O Teatro Fechado tem a honra de levar à cena: O Auto do Milagre dos Cravos
Todos os personagens pertencem ou pertenceram a uma história de ficção, qualquer coincidência com a realidade, é mesmo e só uma mera coincidência. Aconselhamos ainda que as cenas pouco dignas não sejam vistas por menores.
Cenário:
Os actores encontram-se em pleno deserto com um fundo de um castelo medieval, encimado por aves negras e relâmpagos trovejantes. O séquito da rainha, pouco e mal ataviado, segue-a por entre os cactos e as silvas que se interpõem no caminho. Encontra-se em romaria, para inaugurar mais uma obra de caridade. Ao seu encontro, sem ela saber, vai o seu marido e o seu filho.
Este acto desenrola-se numa época muito conturbada em que os animais falavam e os cargos e honrarias eram herdados por nobre sucessão.
Personagens:
- D. Marocas, rei de um povo à beira mar plantado, gordo, anafado e bochechudo, retirado das lides, o seu maior empenhamento é o de dar entrevistas para a televisão. Quer ainda que o filho lhe suceda na condução dos assuntos do reino.
Vestes de safo, olhos brilhantes marotos, cabelos brancos de profundas arrelias. Viajante de mares nunca dantes navegados. Constantemente ateu, poliglota e republicano q.b. Frase célebre: O meu reino por um avião
- D. Maria, santa de serviço, génio transviado do teatro para os palcos da vida, mãe extremosa, casada com D. Marosca. Tendência para se alapar a lugares que lhe foram confiados. Mau génio quando contrariada. Demonstra uma admiração sobrenatural pelo marido, mas não concorda com as suas herejes tendências. Frase célebre: Mais vale presidente toda a vida do que ex-presidente de cousa nenhuma.
- D. Marocas, Jr., príncipe encantado desta nossa narração, viajante inconfesso de lugares exóticos. Edil de uma cidade de mil cores, dificuldades em arrastar o nome da família que o precede. Tendência em ter desastres em locais ermos e pouco comuns. Retrato fiel do pai, apenas na figura e nos modos. Militante de causas perdidas. Não tem frases célebres.
Capítulo I
Cena I e única.
Narrador (de braços abertos e ar dramático): D. Maria acicatava o condutor do seu coche, último modelo, para que se apressasse, aquela estrada desértica era um mau prenúncio de maus encontros e más recordações.

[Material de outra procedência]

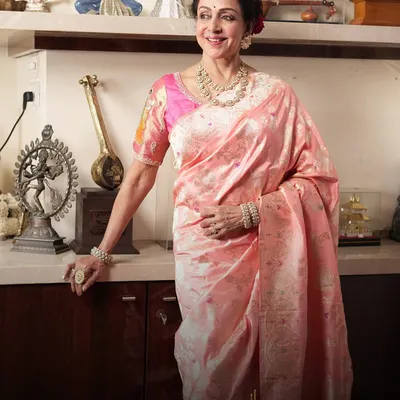 The legendary Hema Malini, an icon of timeless grace, wearing a classic polki diamond necklace and bangle set. A true honor to adorn a star of her legacy.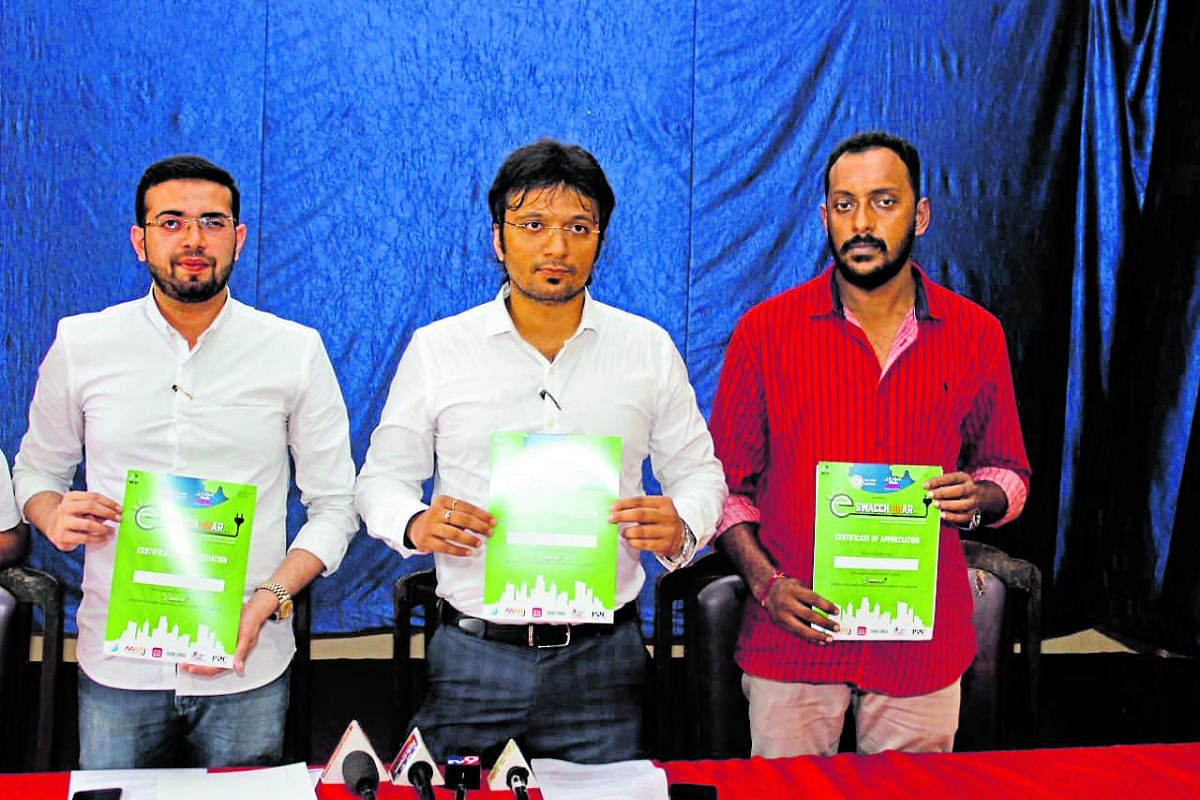 Sahyadri College of Engineering and Management Professor Ananth Prabhu G and others release a pamphlet on e-Swachh Bharat, an e- waste management campaign, in Mangaluru.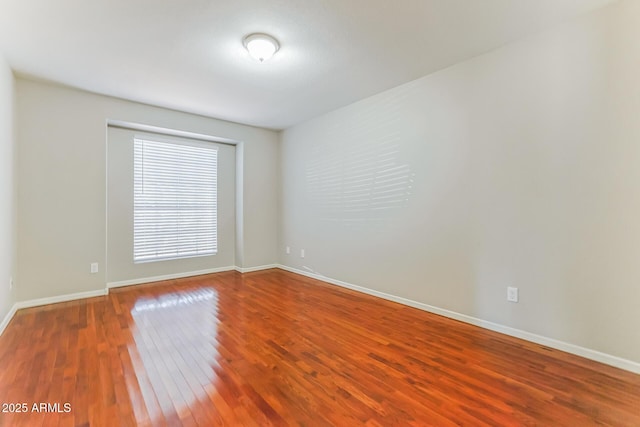 1048 N Arroya, Mesa, AZ 85205 - spare room with wood-type flooring and baseboards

D. Maria (aos gritos): - Obrigue-me esse burro a andar mais depressa.
Fiel Cocheiro (a cofiar o bigode): - Mas Senhora, tive a liberdade de lhe comprar algo
D. Maria (continua aos gritos): - Meta o algo no cú e a cenoura no burro para ver se nos despachamos, ainda quero ir ao cabeleireiro hoje.
O Burro: (ar assustado): - A cenoura aonde?
Fiel Cocheiro (ar preocupado): - Cala-te, não, não era para si Senhora. Mas e os seus seguidores? Não vão aguentar.
D. Maria (ar de desprezo): - Claro que vão, ande mas é lá mais depressa
O Burro (ar cansado): -Eu é que não aguento
O fiel condutor, qual fiel palafreneiro, chicoteia o burro que de repente desata a correr desalmadamente. Mas eis senão quando, numa curva do caminho, lhes aparecem pela frente dois vultos, fantasmagóricos, envoltos em negras e deslavadas vestes.
O burro estaca, insólito e fremente, o condutor ainda a tremer, houve num repelão D. Maria a reclamar de dentro do coche último modelo.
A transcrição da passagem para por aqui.